How to zero pad and do overlapping block convolution to reconstruct audio for frequency filtering in time-frequency domain

Question

I am doing STFT (short-time Fourier transform) on real-time audio to filter frequencies by magnitudes (to reduce noise) which have certain drawbacks like noise spikes in reconstructed audio in the time domain. I found that I have to zero pad and try square root hann window to minimize the effects of frequency filtering. I might have to soft mask rather than zeroing frequency.

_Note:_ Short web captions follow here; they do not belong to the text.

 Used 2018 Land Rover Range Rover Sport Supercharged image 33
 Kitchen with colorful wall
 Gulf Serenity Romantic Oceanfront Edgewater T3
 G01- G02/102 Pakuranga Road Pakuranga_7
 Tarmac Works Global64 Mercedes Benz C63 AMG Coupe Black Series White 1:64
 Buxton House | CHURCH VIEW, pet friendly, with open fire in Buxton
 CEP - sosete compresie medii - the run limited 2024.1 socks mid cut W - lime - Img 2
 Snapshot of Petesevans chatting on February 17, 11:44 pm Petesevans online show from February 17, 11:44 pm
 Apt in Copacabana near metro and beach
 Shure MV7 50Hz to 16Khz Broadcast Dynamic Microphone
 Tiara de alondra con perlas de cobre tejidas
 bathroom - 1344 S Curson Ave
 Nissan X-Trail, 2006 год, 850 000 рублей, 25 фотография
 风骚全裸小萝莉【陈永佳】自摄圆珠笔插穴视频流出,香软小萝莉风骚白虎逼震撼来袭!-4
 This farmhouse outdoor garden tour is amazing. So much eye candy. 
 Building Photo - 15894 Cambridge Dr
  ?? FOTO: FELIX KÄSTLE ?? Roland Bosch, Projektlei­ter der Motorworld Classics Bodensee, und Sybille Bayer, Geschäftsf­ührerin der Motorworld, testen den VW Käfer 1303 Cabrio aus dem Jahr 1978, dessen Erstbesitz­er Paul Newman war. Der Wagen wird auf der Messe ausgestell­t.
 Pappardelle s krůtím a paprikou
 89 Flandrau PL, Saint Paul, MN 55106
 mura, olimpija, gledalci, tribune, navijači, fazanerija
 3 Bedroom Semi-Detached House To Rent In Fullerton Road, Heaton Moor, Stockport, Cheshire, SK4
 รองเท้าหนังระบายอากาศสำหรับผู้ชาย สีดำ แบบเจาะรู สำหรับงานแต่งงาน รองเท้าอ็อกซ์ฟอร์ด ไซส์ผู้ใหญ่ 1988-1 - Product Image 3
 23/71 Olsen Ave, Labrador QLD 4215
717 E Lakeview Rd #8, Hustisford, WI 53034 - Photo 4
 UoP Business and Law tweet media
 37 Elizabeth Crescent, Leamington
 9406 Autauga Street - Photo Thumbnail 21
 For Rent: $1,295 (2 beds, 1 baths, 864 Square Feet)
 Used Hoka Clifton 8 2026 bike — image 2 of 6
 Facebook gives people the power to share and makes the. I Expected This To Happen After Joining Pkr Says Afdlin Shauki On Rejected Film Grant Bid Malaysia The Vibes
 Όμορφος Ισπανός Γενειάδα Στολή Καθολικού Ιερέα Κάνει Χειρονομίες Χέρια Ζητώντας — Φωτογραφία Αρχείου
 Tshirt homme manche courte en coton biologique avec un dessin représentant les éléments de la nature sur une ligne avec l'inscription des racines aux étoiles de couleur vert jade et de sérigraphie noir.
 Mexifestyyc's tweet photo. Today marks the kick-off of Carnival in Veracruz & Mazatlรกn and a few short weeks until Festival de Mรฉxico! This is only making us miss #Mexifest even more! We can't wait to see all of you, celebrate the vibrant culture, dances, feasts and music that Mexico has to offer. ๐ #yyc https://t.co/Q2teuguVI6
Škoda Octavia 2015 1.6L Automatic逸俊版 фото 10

Currently, I am using frame size as 1024 samples and 50% overlap. I applied the window function and then reconstruct and the audio is ok if don't add the filter. while doing FFT I input 1024 samples array and got 1024 complex array after FFT. then after filtering and inverse FFT, also got a complex 1024 array whose real parts are reconstructed samples. I was simply adding overlapping parts. now to zero pad how many zero's do I need to add and how to handle the overlapping part? if after zero padding my array size becomes 2048(first & last 512 samples are zero) then after doing filtering in freq domain and inverse FFT what does the 2048 arrays will actually mean? where will be the overlapping part and samples?

Answer 1

What you are trying to do is time-variant frequency domain processing. Unfortunately this is quite tricky and mathematically complicated.

The main problem you will have to solve is time-domain aliasing. The modification of the spectrum in each frame is basically a filter, which has a corresponding impulse response in time. If you do nothing to constrain the length of this filter you get the following situation:

Let's assume you have a frame length of $N$ and with zero padding an FFT size of $2N$. You create a spectral mask to implement your filtering. The inverse FFT of this mask is the impulse response of the filter. This will in general have a length of $2N$ samples since the mask has also $2N$ samples. The length of the convolution of signal and filter than will have a length of $3N-1$ samples. However your FFT frame is only $2N$ samples long. Since multiplication in the frequency domain implements circular convolution, your extra $N-1$ samples will wrap around and be added to the first half of your output frame. That's time domain aliasing and it sounds really, really bad.

There are multiple ways to deal with this, but there is no "one size fits all" solution and typically requires a lot of tweaking to get to the optimum set of trade offs for your specific requirements.

Things that can be tweaked:

1. Frame size
2. FFT length and/or amount of zero padding. Longer FFTs give the filter impulse response a better chance to decay a the edges.
3. Hop size
4. Double windowing: apply both an analysis and a reconstruction window
5. Choice of window: makes sure that the product of both windows overlapped and summed as given by your frame and hop size actually adds to 1. Preferably to EXACTLY one (which a 50% overlapped Hanning window doesn't).
6. Frequency domain smoothing. The narrower the frequency domain features are, the longer the impulse response will be (in the sense of more energy far away from the center). There are multiple ways of doing this. Either apply a sliding window in the frequency domain or simply do an inverse FFT, window the impulse response making sure that N samples are zero and do an FFT again. Of course this will somewhat change the frequency response of your filter. It's a trade-off.
7. Consider making the filter minimum phase instead of zero phase. That makes it causal and also tends to reduce the amount of aliasing since the impulse response has more time to decay.
8. Slow down how fast any frequency bin can move over time. Apply a first order lowpass to the "gain vs. time" function.